Likewise, you know, cog only does its thing of running Python code and outputting stuff into your static files. I haven't gotten too many requests that are really bizarre beyond that for COG, but it's good to keep in mind what it's supposed to be doing so that if you do get a strange request, you don't go and just add some weird bell and whistle on the side. A big difference between the 2 is that coverage. Py because it's broadly used and Python is a very broad ecosystem. I get bug reports there about all sorts of things I don't understand. You know, there's I've got a bug report that says it doesn't work for TensorFlow. And my feeling is, well, I can spell TensorFlow, but that's about all I know about it. And that looks super intricate, and I don't know how I'm gonna figure out what's going on there.

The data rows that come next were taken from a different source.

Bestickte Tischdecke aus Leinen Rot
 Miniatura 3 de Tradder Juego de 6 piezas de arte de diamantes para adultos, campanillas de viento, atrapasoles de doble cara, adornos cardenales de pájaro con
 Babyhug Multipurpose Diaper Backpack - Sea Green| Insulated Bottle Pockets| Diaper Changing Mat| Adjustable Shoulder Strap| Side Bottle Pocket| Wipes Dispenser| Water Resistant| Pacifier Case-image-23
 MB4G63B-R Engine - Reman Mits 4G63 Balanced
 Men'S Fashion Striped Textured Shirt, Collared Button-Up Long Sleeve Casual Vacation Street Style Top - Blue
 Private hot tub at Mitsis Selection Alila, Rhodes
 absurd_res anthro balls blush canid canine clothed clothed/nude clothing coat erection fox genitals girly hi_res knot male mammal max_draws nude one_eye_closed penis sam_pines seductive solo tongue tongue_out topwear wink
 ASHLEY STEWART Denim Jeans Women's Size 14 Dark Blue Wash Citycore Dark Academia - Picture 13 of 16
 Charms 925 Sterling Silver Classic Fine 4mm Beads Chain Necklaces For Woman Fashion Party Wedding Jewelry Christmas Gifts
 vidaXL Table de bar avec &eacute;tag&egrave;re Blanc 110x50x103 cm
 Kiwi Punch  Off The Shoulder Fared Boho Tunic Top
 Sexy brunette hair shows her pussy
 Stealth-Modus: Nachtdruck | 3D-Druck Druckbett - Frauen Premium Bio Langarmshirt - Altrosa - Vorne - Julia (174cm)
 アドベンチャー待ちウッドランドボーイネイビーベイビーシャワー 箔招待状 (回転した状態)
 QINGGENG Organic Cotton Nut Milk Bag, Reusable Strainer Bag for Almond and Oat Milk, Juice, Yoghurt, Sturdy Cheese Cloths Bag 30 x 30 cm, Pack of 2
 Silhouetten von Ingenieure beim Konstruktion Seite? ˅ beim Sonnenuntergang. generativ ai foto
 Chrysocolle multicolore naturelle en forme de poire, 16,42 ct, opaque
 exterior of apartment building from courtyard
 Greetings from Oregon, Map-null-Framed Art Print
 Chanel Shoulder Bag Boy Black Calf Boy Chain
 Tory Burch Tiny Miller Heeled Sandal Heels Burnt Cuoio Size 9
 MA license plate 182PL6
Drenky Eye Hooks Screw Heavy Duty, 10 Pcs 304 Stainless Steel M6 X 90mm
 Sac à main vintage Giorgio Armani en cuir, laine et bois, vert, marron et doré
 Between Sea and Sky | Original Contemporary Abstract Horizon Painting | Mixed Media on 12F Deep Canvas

So, you know, it's kind of unfortunate, but there it sits. Again, cog is just manipulating text. You know, no one's ever said to me, here's the thing cog is doing, and I look at it and I think I have no idea what's going on. I can see what's going on. It's nice and simple. So it's a nice break from the complexities of code coverage to deal with something like COG. Of course, at the same time, I hardly ever touch
[00:18:32] Unknown:
COG. It doesn't change much from year to year. I could definitely see it as being 1 of those projects where it actually does have a point where it's basically just complete. Like, it's done. There's nothing else to do there. I mean, obviously, there was the Python 2 to 3 transition, and I'm interested in digging into that. But, you know, as you said, its scope is fairly narrow. So at a certain point, it's like, it's done. It does the thing.
[00:18:52] Unknown:
Moving on. It does the thing. Well, it's interesting because that is the way I felt. But ironically, I just recently added a feature to cog because it seemed it's really dumb that it didn't have it, and I'm not sure why it took so long, and that is that when you write the Python code that you put into your file, the code that's gonna generate your content, The way you put content into your static file from Python is you use a method called cog.outl, which is very Java like. I think 1 of the unfortunate things about cog is that it's really shows my early Python style, which wasn't very Pythonic in a lot of ways.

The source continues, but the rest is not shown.